Хотя царил дух соревнования, хотя учеников приучают самостоятельно мыслить, все же зубрежки тоже немало. Она, конечно, сковывает ум, втискивает познание в узкие рамки, но она же дисциплинирует ум, не дает мысли растекаться безбрежно. Некоторая схоластическая скованность ощущается в творениях Рисаля, но в то же время они выгодно отличаются от писаний многих его соотечественников (в том числе и современных) своей стройностью, аргументированностью: он никогда не забывает исходных посылок и четко проводит свою мысль, не теряя ее по дороге.

Не все и не всегда идет гладко в учебе. Иезуитов при всей их изворотливости не следует представлять как собрание необычайно проницательных и хитроумных людей. Попадались среди них и просто тупицы, и люди грубые, не скрывавшие своего презрения к «жалким индио». Один из них, отец Вилаклара, позволяет себе, как пишет Рисаль, «несколько гадких слов в мой адрес», а это при его чувствительности сразу же сказывается на учебе: «Я перестал стараться и занял лишь второе место».

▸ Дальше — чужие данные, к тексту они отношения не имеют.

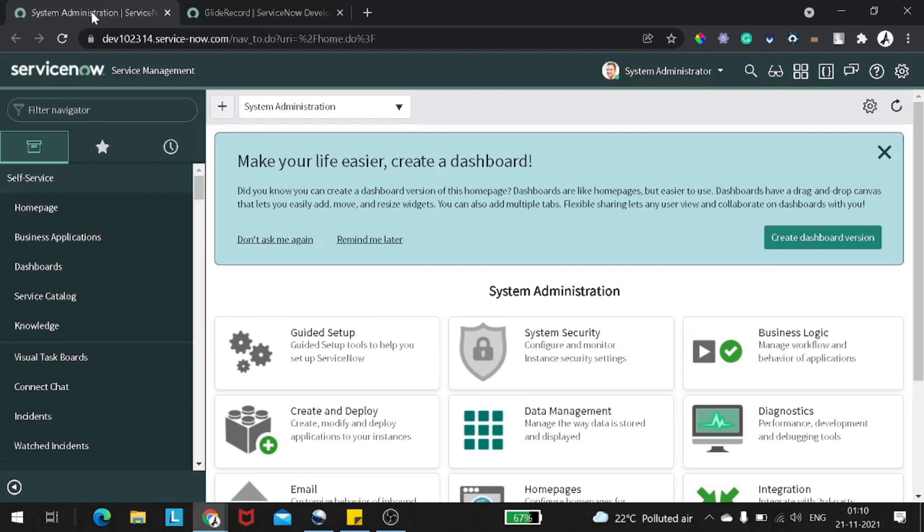Today we'll be looking into two methods in the glide record, which is initialize and new record, and we'll try to find the difference between both these methods. There is a very niche line between these two methods and I will try to share my understanding of this method.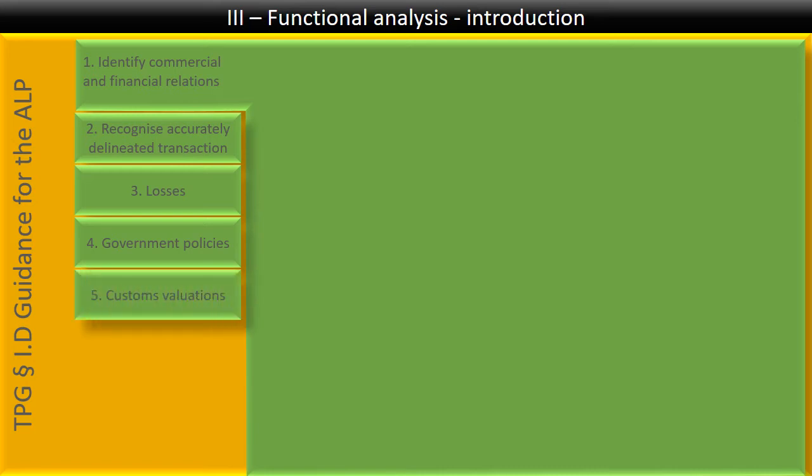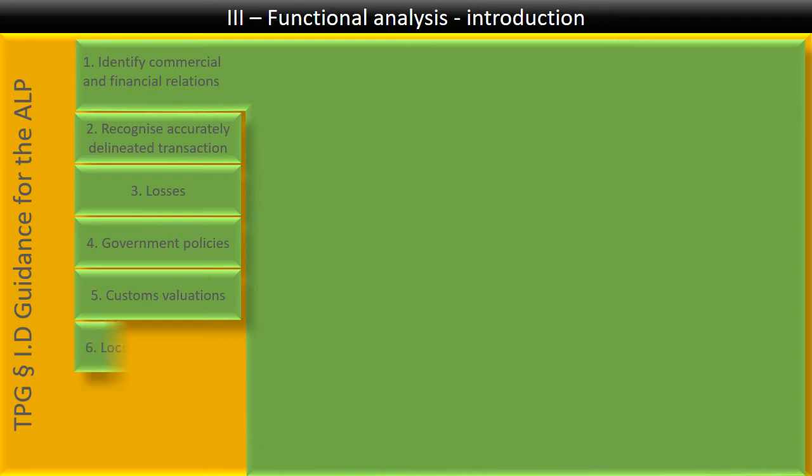Customs valuations. Customs typically have their own rules for pricing transactions. The guidelines say they may be different, but they could still be useful. Therefore, it might be interesting to look at them. For transfer pricing purposes, you want a price that is as high as possible because you're selling into a high-tax country. However, for customs purposes, you might be interested in having a price as low as possible because you're trying to avoid the customs duties. So, the guidelines also suggest that at a government level, customs officers and transfer pricing officers exchange information with each other about transactions.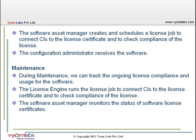The license engine then runs the license job to connect CIs to the license certificate and check compliance. The software asset manager can check history from the managed license job console, monitors the status of software license certificates, and to prepare for an audit, runs a license job immediately to check compliance and print a report.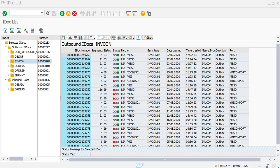For example, you have to run some tests and want to check how your function module is working, or if you have worked on a recent interface program and would like to cross-check whether the IDOC is generating properly or not.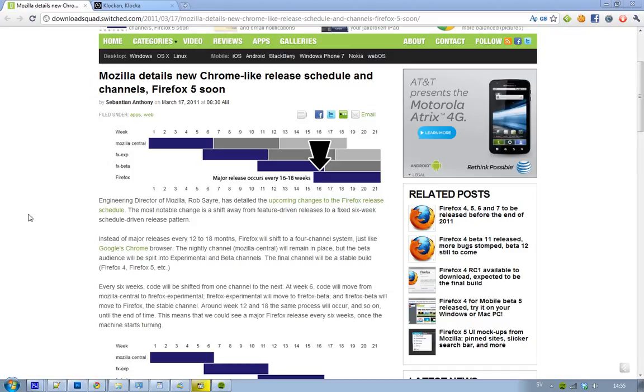Hey guys, it finally seems like the engineering director of Mozilla, Rob Saer or something like that, has now detailed the new release schedule for Firefox releases.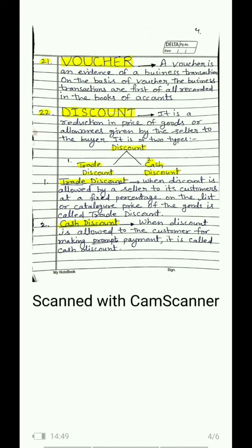Normally sellers keep giving trade discounts. The other type is cash discount: when discount is allowed to customers for making prompt payment, it is called cash discount. 'Prompt' means quickly, without delay. When we sell goods on credit, we tell the customer: pay now promptly, and we give them a little off upfront. For example, we sold goods worth 40,000 and we say pay now — we give 5% off, so 5% of 40,000 is 2,000 which they don't have to pay. They will pay us only 38,000. This cash discount is given only upon receiving cash.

Жизнь в Атенео течет размеренно: месса рано утром, уроки, перерыв на завтрак, опять уроки, обед, приготовление уроков, ужин, молитва, сон. У Пепе своя комната в общежитии, но туда разрешается входить только один раз днем после обеда и после молитвы — для сна. Остальное время ученики проводят в обществе друг друга и под неусыпным надзором наставников, от которых ничего не скроешь: они замечают любое проявление неудовольствия, самое незначительное отклонение от правил. И тут же «влезают в душу»: не оскорбляют, не ругают, уж тем более не секут, но подробно, не жалея времени, объясняют, как должен вести себя добрый католик, особенно будущий иезуит. На юные души это действует неотразимо, на Рисаля тоже, о чем свидетельствуют его записи: «Я горд сообщить тебе, читатель, что как человек, как ученик и как христианин я достойно закончил этот год».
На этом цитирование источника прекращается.